Quiksilver continued to improve its balance sheet over the year and quarter, and this conference call is the first in a while where I’ve gotten a sense of where some growth might really come from. We’ll talk about that. 

But first, I thought some of you might actually want to know how much Quiksilver earned for the quarter and year ended October 31, 2010. Amazingly enough, if all you did was read the three pages of text in the press release and listen to the conference call, you wouldn’t know. You could finally see the actual, bottom line number on the financial statement on page four of the release.

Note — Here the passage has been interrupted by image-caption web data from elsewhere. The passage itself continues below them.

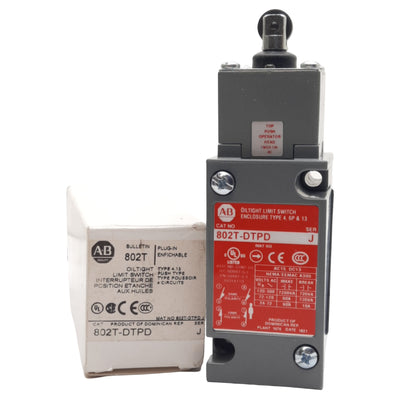 Used Allen Bradley 802T-DTPD Oiltight Limit Switch, 4-Circuit 2NO + 2NC, 10A 240VAC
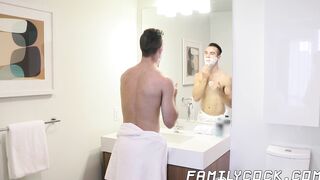 Lusty daddy drills his stepson with hard raw fucking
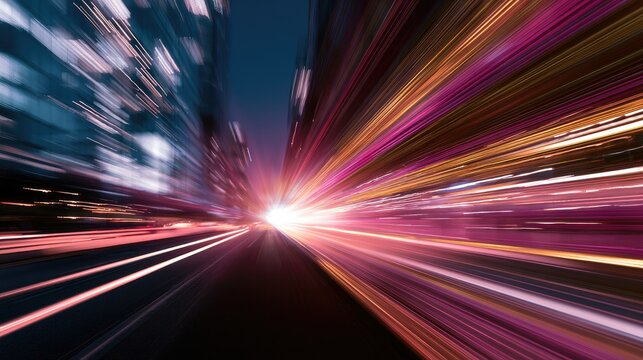 Streaking lights create a sense of rapid motion through a city at night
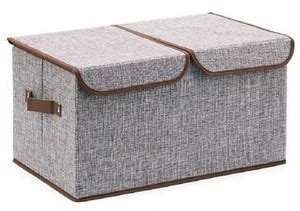FEVSAQ Linen Fabric Foldable Cloth Storage Boxes with Lid, Handles ...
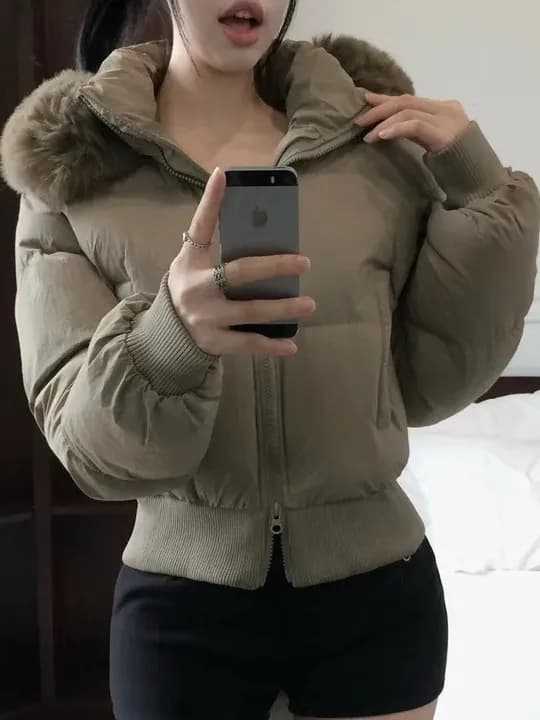 Retro Korean Design Detachable Hooded Cotton Jacket Women's Slim Fit Winter New Style Small Size Cotton Coat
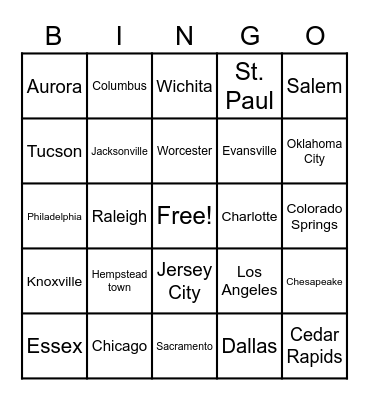 18 - 2nd Cities Bingo Card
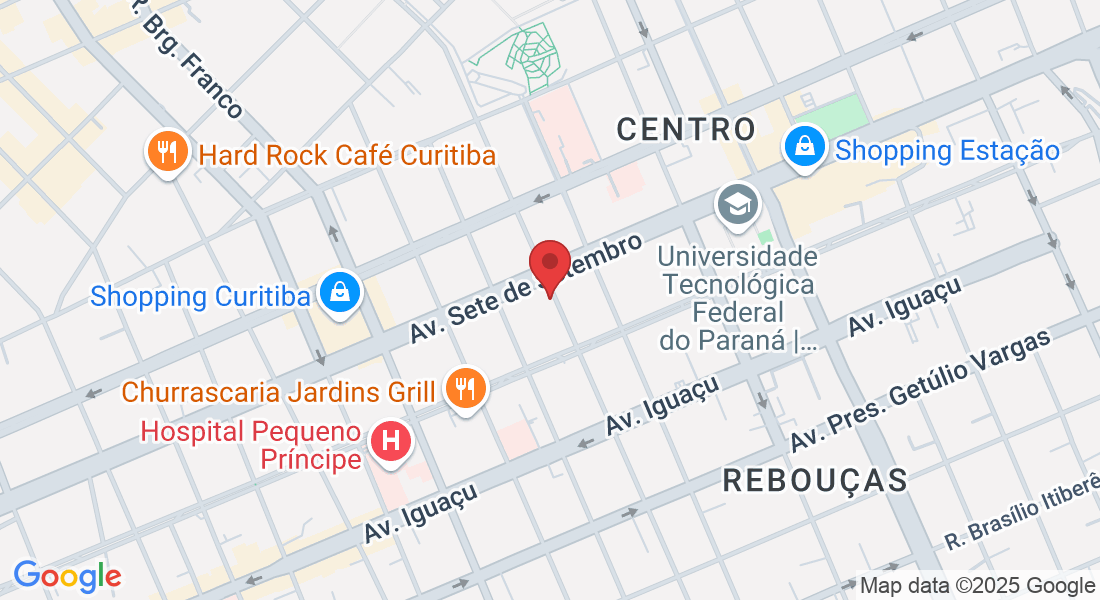 na Rua, Condomínio Edifício Andrea Doria - Rua 24 de Maio, 412 - Sala 301, 3° andar - Rebouças, Curitiba - PR, 80230-080, Brasil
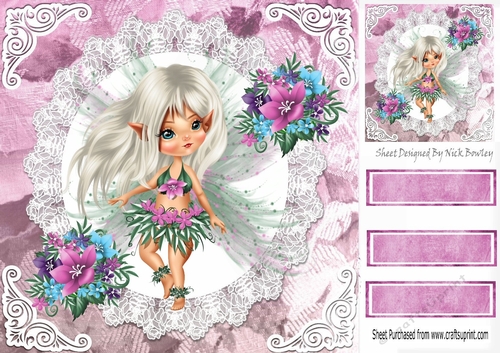 Pretty faerie on lace with flowers and ornate corners 8x8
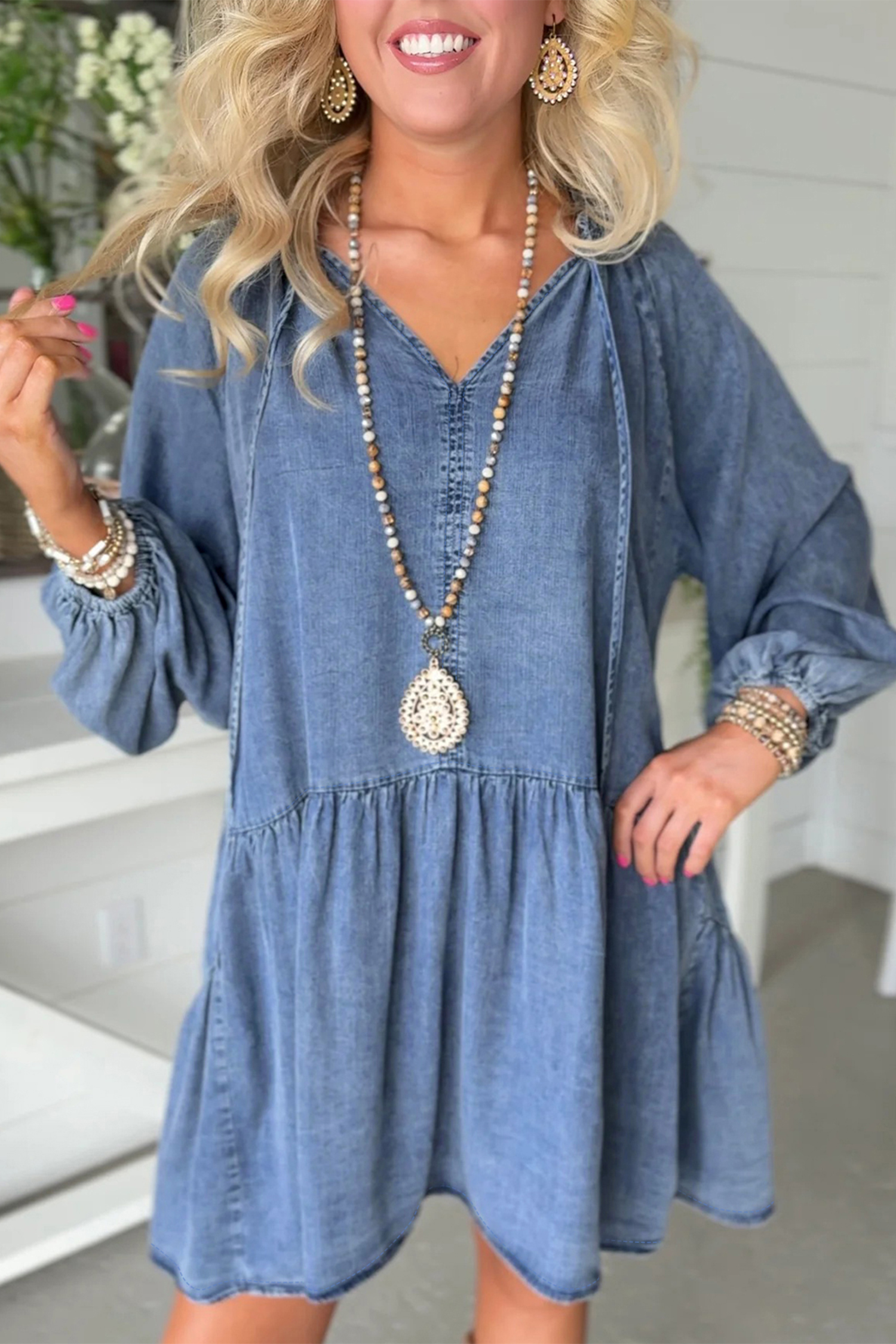 Myosotis Puff Sleeve V Neck Ruffled Loose Denim Mini Dress - loveforevers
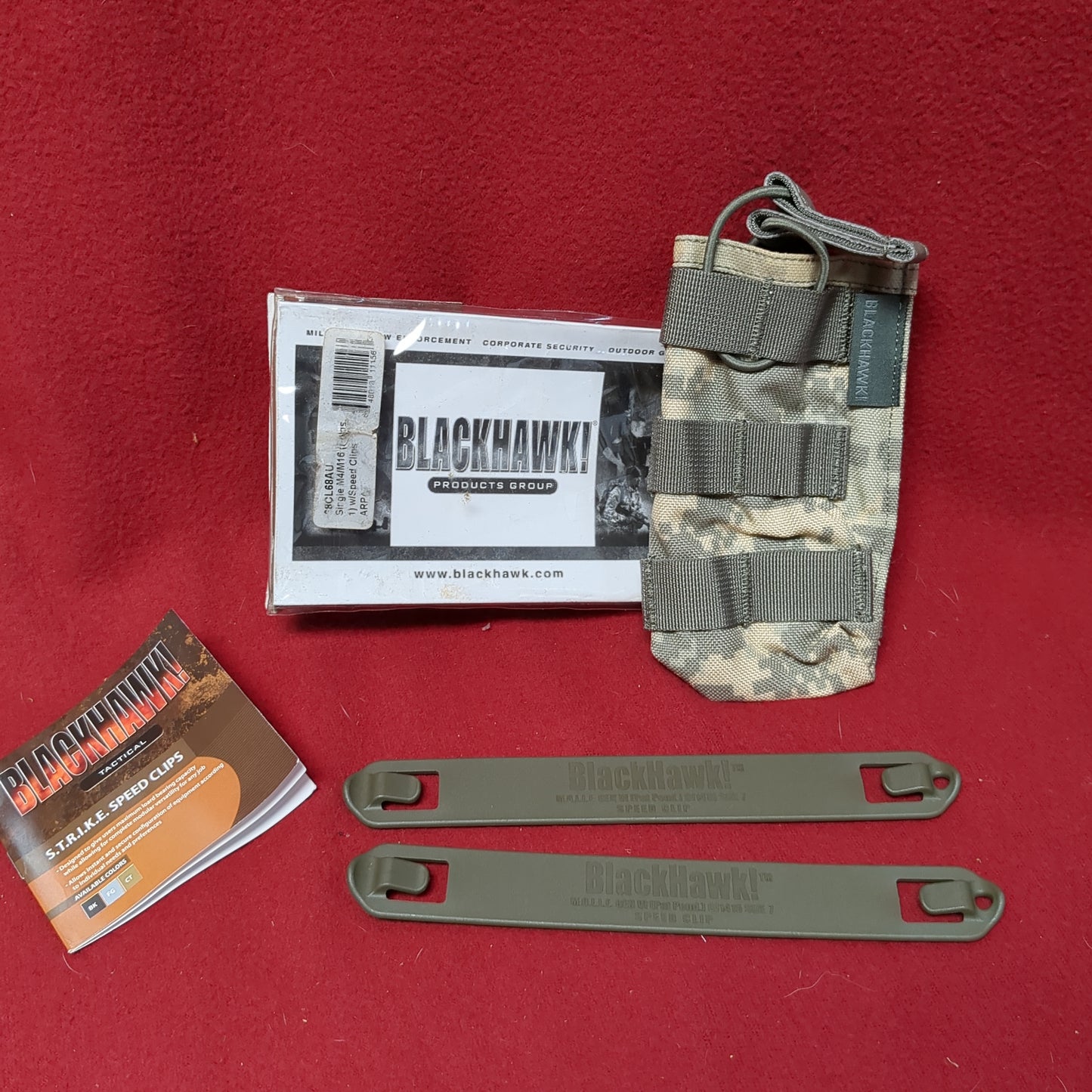 NOS BlackHawk Single Magazine Molle II UCP Pouch with S.T.R.I.K.E Speed Loaders (fb12-MH470)
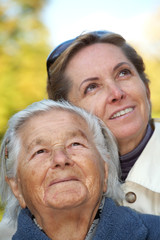 Elderly woman with her daughter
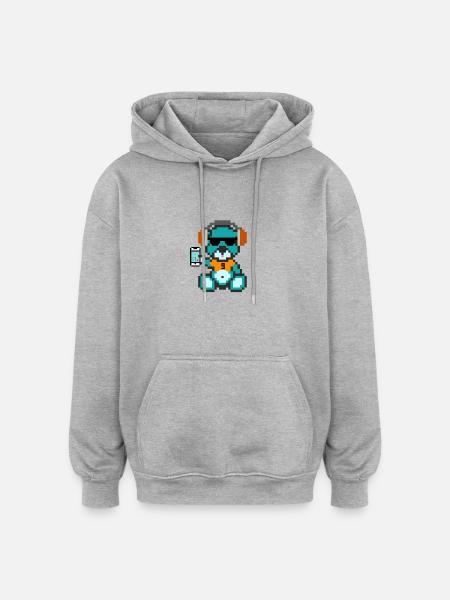 Pixel Bear Geek - Oversized Unisex Hoodie - heather grey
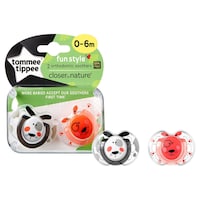 Tommee Tippee Fun Style Soother, 0-6m, Black & Red - Pack of 2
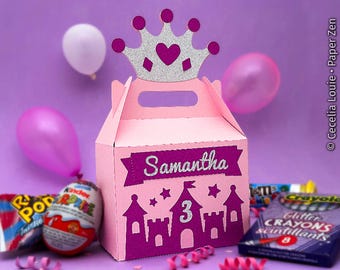 Princess Gable Box with Crown and Castle to hold Crayons, Candy, and Gifts - 3D SVG for Birthday Party Favour Gift Loot Bag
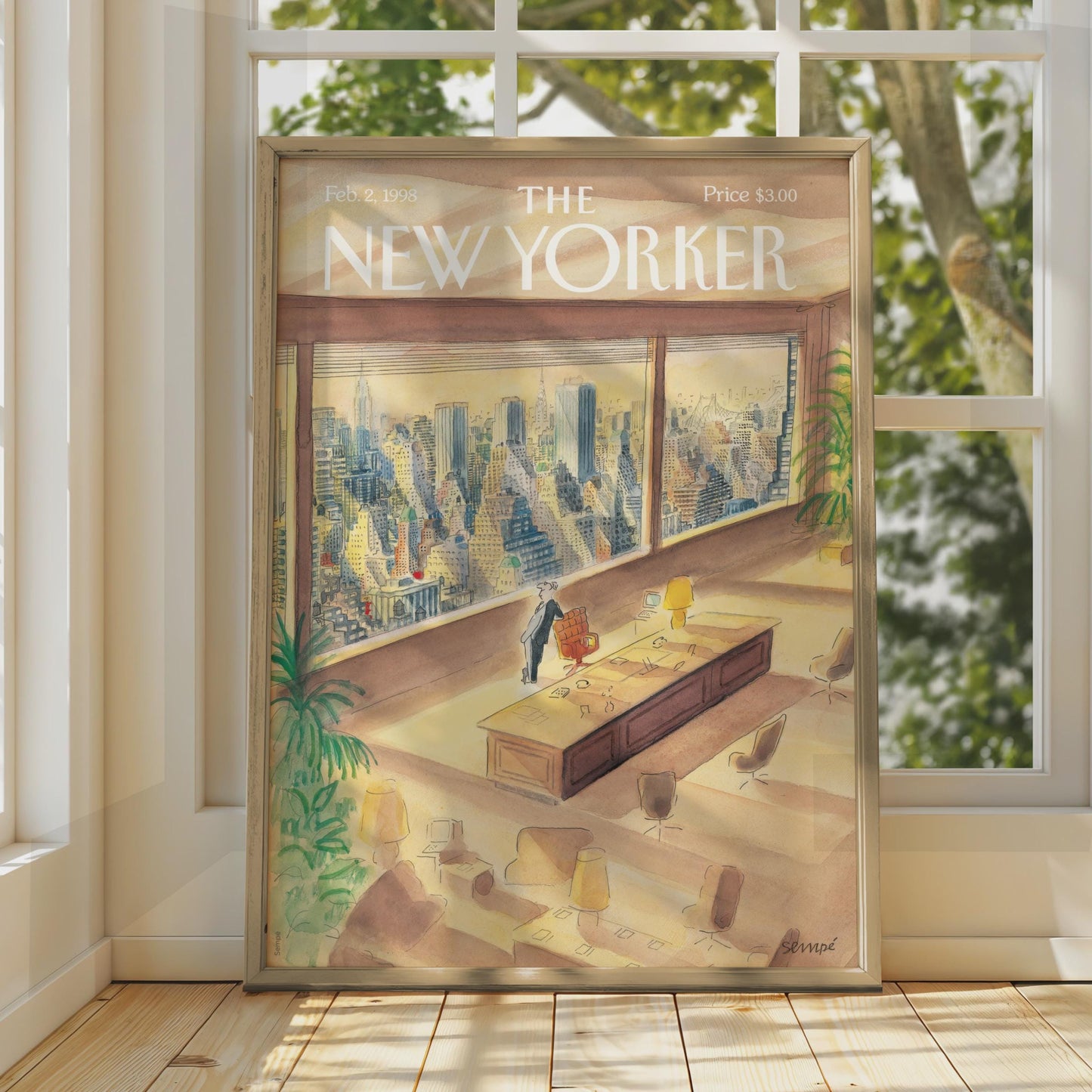 The New Yorker 1998 Cover Poster, NYC Skyline Office Art, Sempe Wall Art Print wall art print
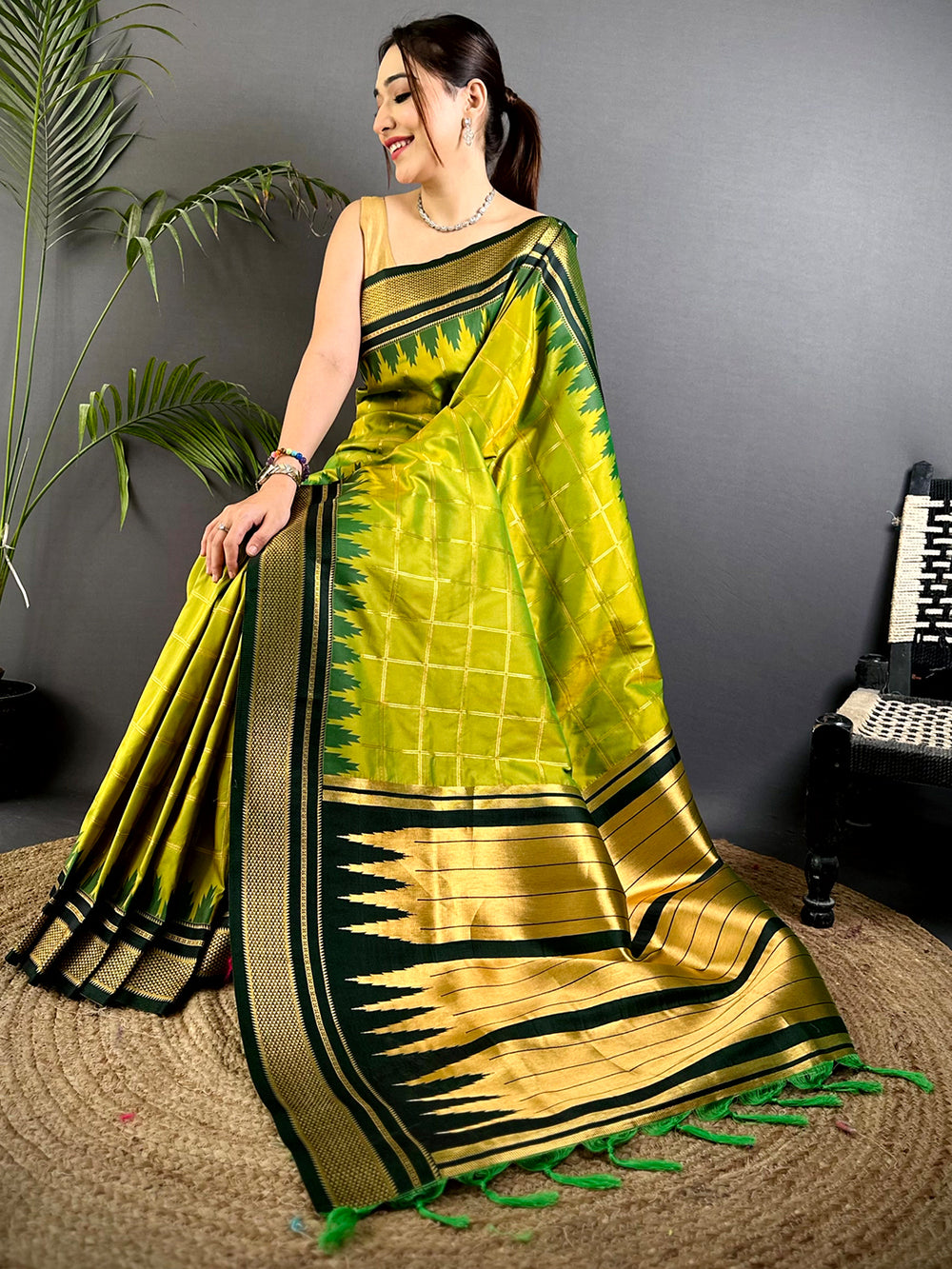 Lime Green Soft Silk Saree with Dark Green Temple Zari Border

For the quarter, Quik lost $22.1 million on revenues of $495.1 million. In the same quarter the previous year, they reported a loss of $1.78 million on revenues of $538.7 million. For the fiscal year, they lost $9.68 million on revenue of $1.837 billion. For the previous year, they had a loss of $192 million on revenue of $1.978 billion.
 
There. That wasn’t so hard. It’s not operating income. It’s not EBITDA. It’s not proforma. It’s not in constant currency. It’s just the bottom line results according to good old fashioned Generally Accepted Accounting Principles. A lot of really smart people worked really hard to give us GAAP. Couldn’t we just start with that and then provide the explanations and adjustments?
 
And we do need some of those explanations. We want to know that $119 million of last year’s loss was due to the Rossignol debacle and there’s value in being able to compare the company’s results without that impact by looking at continuing operations. But I wouldn’t want to act like that didn’t happen or that it somehow wasn’t a real loss.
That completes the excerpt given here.